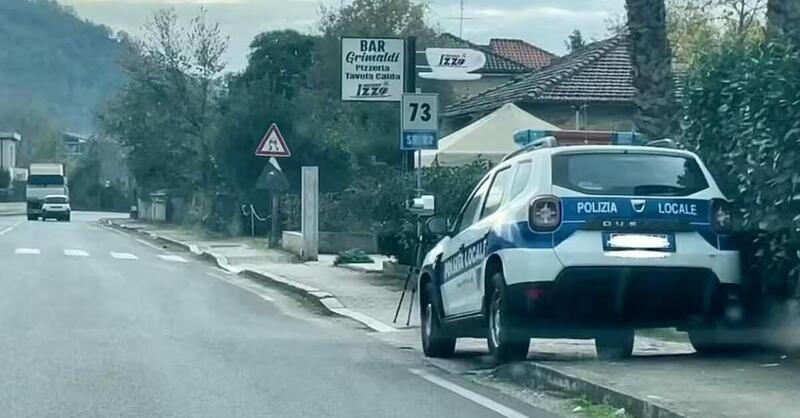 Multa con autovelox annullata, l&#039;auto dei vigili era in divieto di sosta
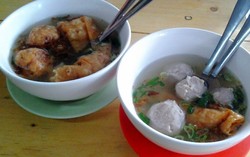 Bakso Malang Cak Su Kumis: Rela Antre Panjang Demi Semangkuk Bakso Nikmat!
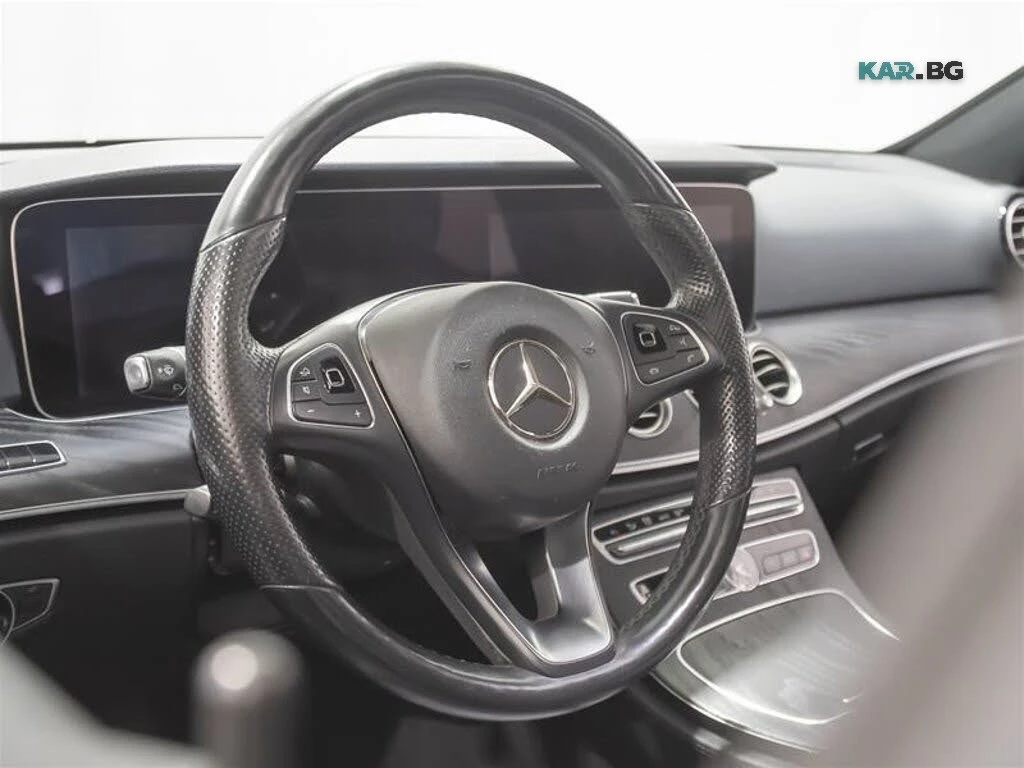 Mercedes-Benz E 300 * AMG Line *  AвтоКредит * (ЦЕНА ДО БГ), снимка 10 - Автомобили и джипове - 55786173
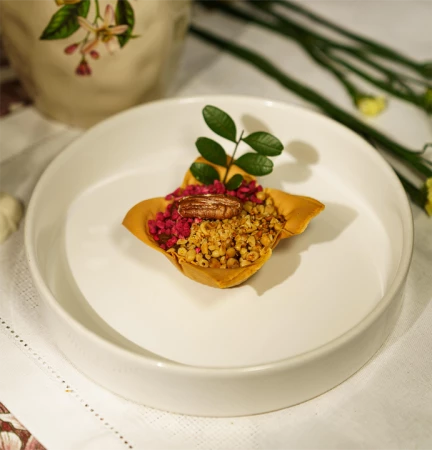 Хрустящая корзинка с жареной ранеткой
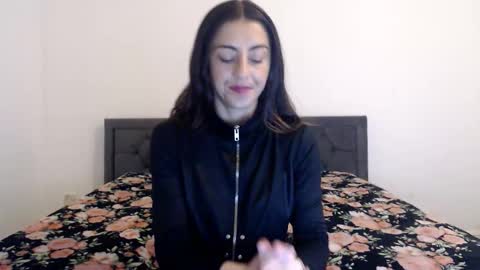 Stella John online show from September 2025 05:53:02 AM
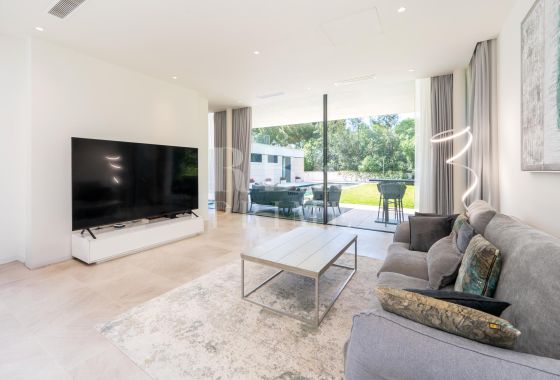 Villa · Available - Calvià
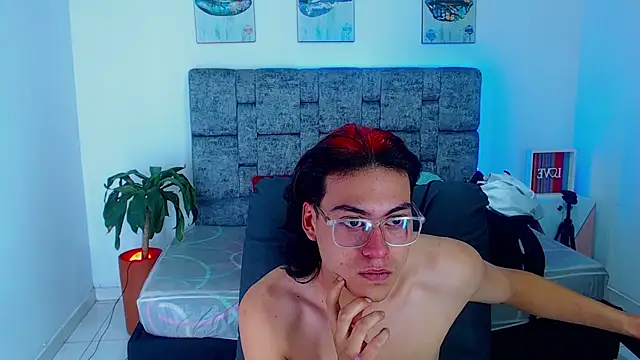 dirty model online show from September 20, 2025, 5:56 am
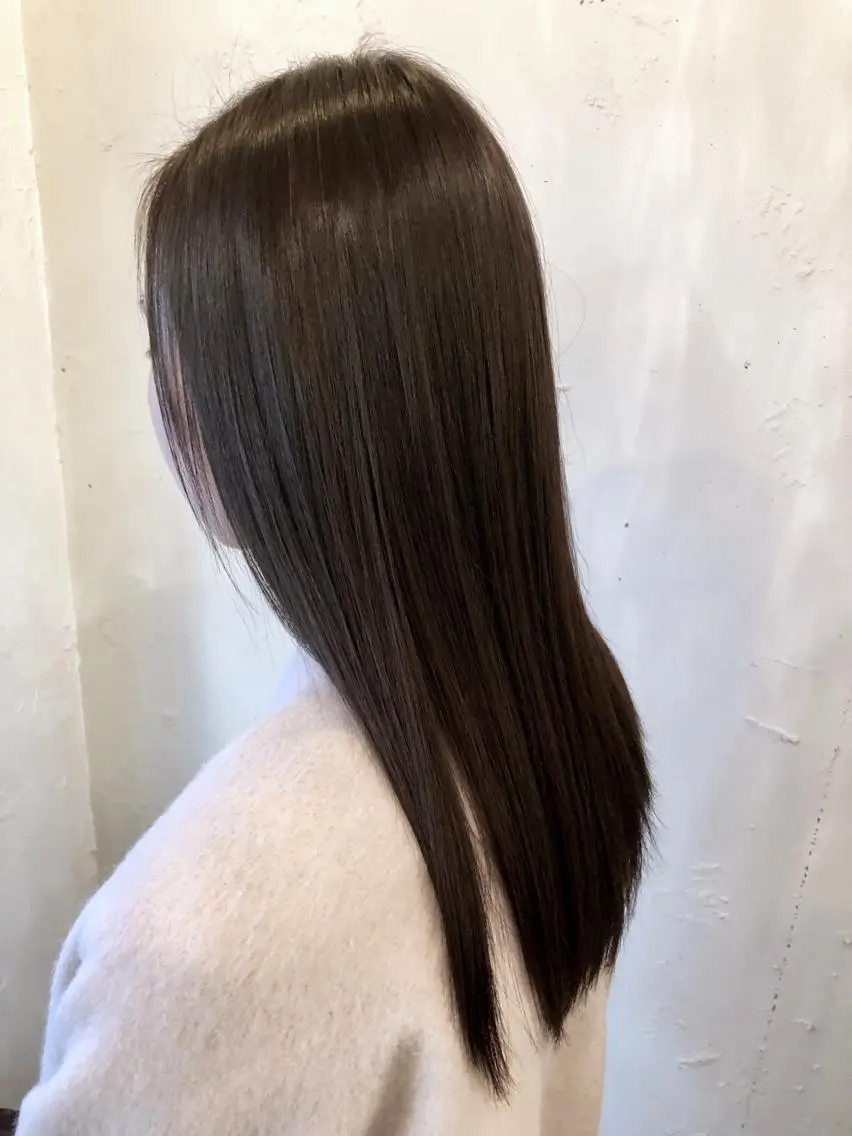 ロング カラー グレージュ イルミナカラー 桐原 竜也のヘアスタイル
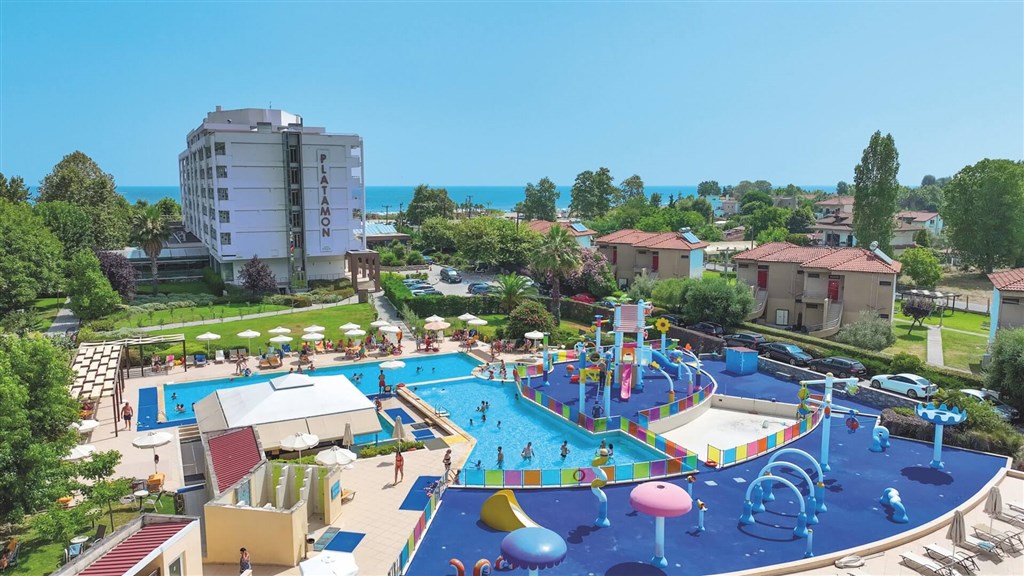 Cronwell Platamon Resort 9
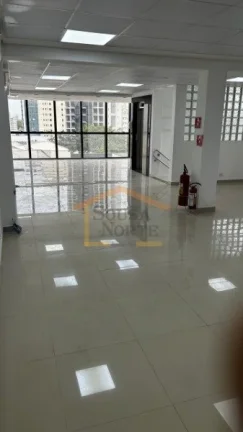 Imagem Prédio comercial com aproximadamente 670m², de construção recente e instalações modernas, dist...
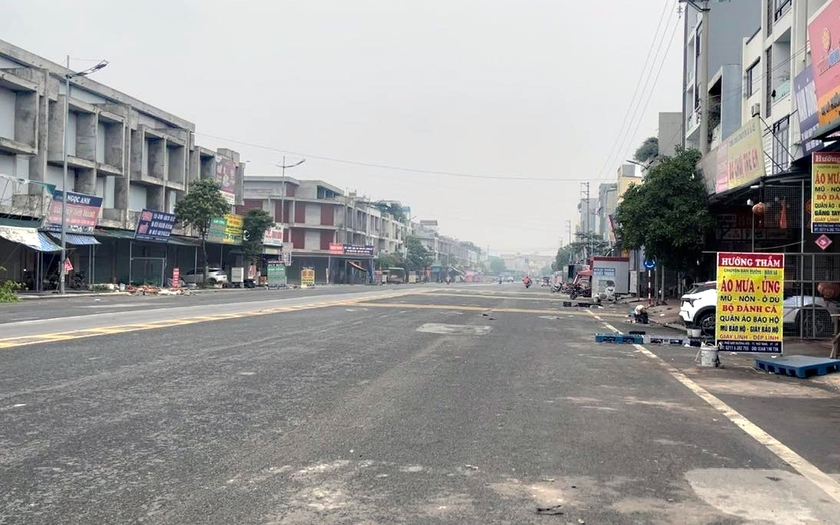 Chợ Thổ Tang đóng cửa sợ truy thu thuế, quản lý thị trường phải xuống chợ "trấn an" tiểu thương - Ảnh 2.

TASK DIRECTIONS.
Whenever a picture appears in the listing, leave it out; copy everything else exactly.

SOLUTION TO THIS PROBLEM.
 Multa con autovelox annullata, l&#039;auto dei vigili era in divieto di sosta
 Bakso Malang Cak Su Kumis: Rela Antre Panjang Demi Semangkuk Bakso Nikmat!
 Mercedes-Benz E 300 * AMG Line *  AвтоКредит * (ЦЕНА ДО БГ), снимка 10 - Автомобили и джипове - 55786173
 Хрустящая корзинка с жареной ранеткой
 Stella John online show from September 2025 05:53:02 AM
 Villa · Available - Calvià
 dirty model online show from September 20, 2025, 5:56 am
 ロング カラー グレージュ イルミナカラー 桐原 竜也のヘアスタイル
 Cronwell Platamon Resort 9
 Imagem Prédio comercial com aproximadamente 670m², de construção recente e instalações modernas, dist...
 Chợ Thổ Tang đóng cửa sợ truy thu thuế, quản lý thị trường phải xuống chợ "trấn an" tiểu thương - Ảnh 2.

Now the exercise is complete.